The Rose Burrow

Robin Hood (2010)

Going to do my best to keep this tight because this is something that'll appear in my dissertation. Ultimately, what Ridley Scott seems interested in doing here is creating an origin story for the outlaw. The entirety of the film is about establishing why and how Robin Hood becomes "Robin of Loxley" (with an X for some reason) and his feuds with Prince John and the Sherriff of Nottingham, which, in this version, he should technically be lord of.

I think that, in this, the movie is unable to give us much of the joy and energy that makes Robin Hood films of the past so enjoyable. For example, the color palette is, as movies based on the medieval often are, exceptionally drab. Early in the film, during which he is Robin Longstride, Crowe wears what is closest to our vision of Robin Hood's outfit. Yet, I could not even detect his signature Lincoln green. If he wore green, it was a dark, practically grey version, with none of the vivacity that marks previous versions.

What I'd like to really mention in this movie, though, are its two major innovations, to my mind: the first is a more nuanced King John. In most previous adaptations, John is an effete, almost lethargic ruler. He has no interest in ruling the kingdom, merely plundering it for his own riches. In the Disney version, you may remember he is a goofy, easily fooled idiot who cannot even see his jewels being stolen in front of his eyes. Here, our first scene of King John is him having an illicit romp with a French princess and he later shows a great deal of energy and even makes a promise to honor THE MAGNA CARTA, which he of course walks back, but it's an interesting choice, nonetheless. Additionally, John pushes back on his mother often, pointing out he is the "runt of eight children" and referencing his brother, the beloved King Richard, as someone not to hate, but as someone to live up to.

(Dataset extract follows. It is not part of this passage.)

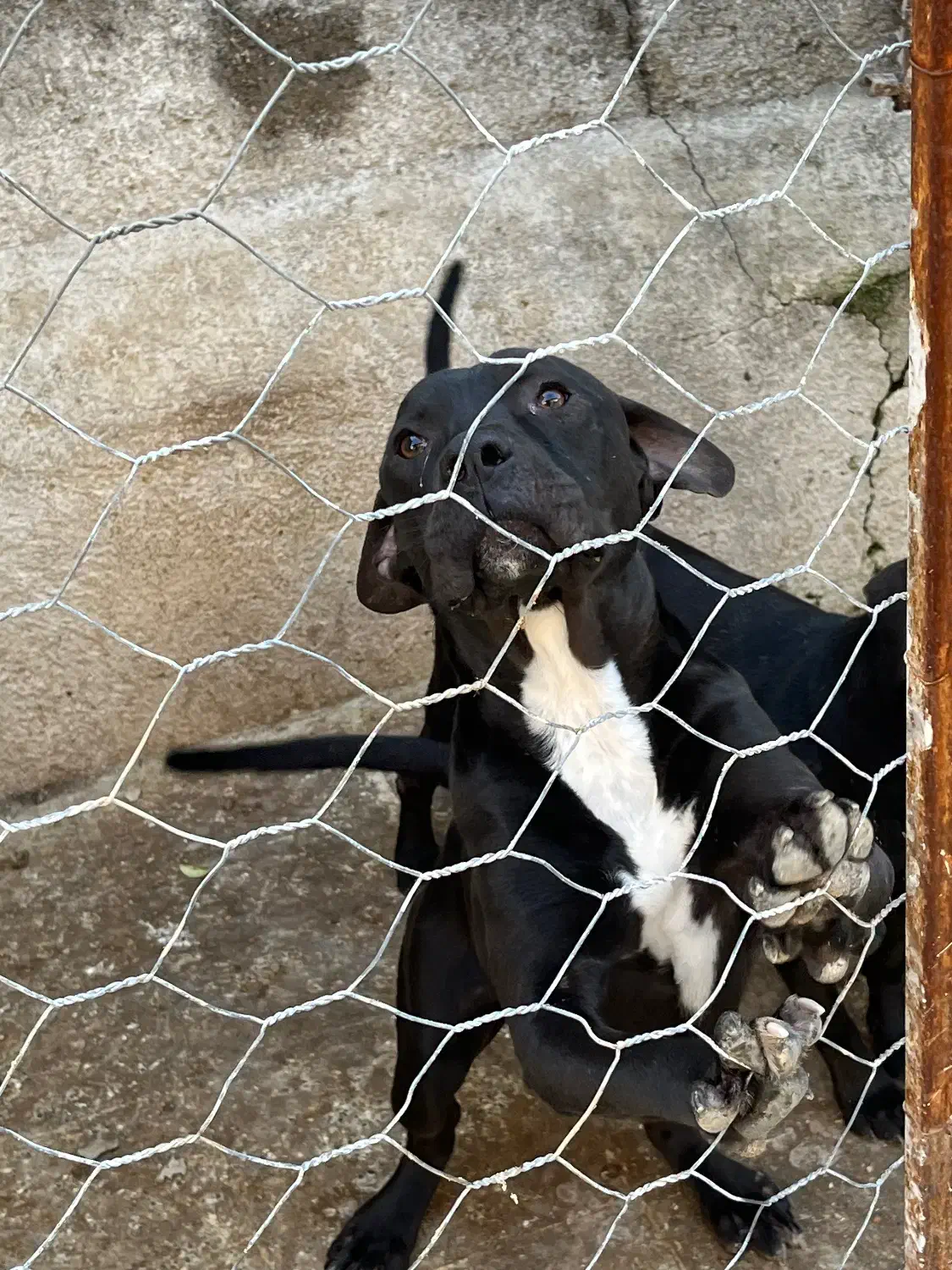 سگ پیتبول آمریکن بولی|سگ|گرگان, |دیوار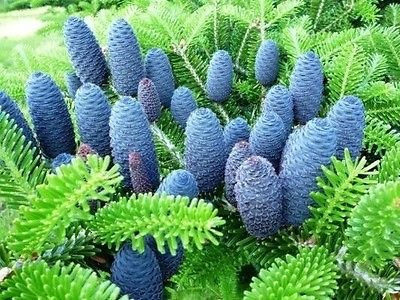 10 Corée Sapin Graines - Abies Koreana Belle Cônes bleu sont Stunnin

The other major innovation is the invention of the character Godfrey. There is no antecedent to this character in the canon of Robin Hood, and for much of the film, I was asking myself why they did not choose to make this character Guy of Gisbourne, a stock villain in any other Robin Hood adaptation. Instead, Godfrey is a presumably part-French consult of King John who has decided to make a deal with King Phillip of France to help divide England and make it easier to conquer. Why? Unclear--his motivations are literally never discussed. Our closest is a scene in which he kills a man who says "You are English" and his response is simply "when it suits me." Overall, he's a sneering, unabashedly evil man, seeming to take joy in bloodshed and commanding his men to burn houses full of people down for no reason. Is he complex? Not at all. But, it's a new sort of hitch to the narrative.

Viewed as just a movie, it's fine. Like, I didn't hate it and it doesn't drag in the way that Prince of Thieves does. But, I think where it really fails is that it feels less like the inheritance of Prince of Thieves and Adventures of Robin Hood and more like it belongs to The Lord of the Rings franchise. I felt this while watching it, but when in the finale, Marion appears in knight's armor, played by the same woman who did it in Lord of the Rings, I about lost my mind. Scott chooses to make the scale of this movie enormous (at one point crossing 200 miles on horseback in two days!) which makes it feel more "Epic." But epic has never been the hallmark of Robin Hood--the ironic nature of Robin Hood is that his stories are often small, localized adventures, almost always deeply embedded in Nottingham and the surrounding Sherwood forest. By making it a larger, grandiose narrative about the fate of England fighting France, all that Scott manages to do is invoke several elements--several locations bear the names of important locales in the medieval ballads--of the classic Robin Hood, but he ultimately loses sight of Sherwood Forest for the trees.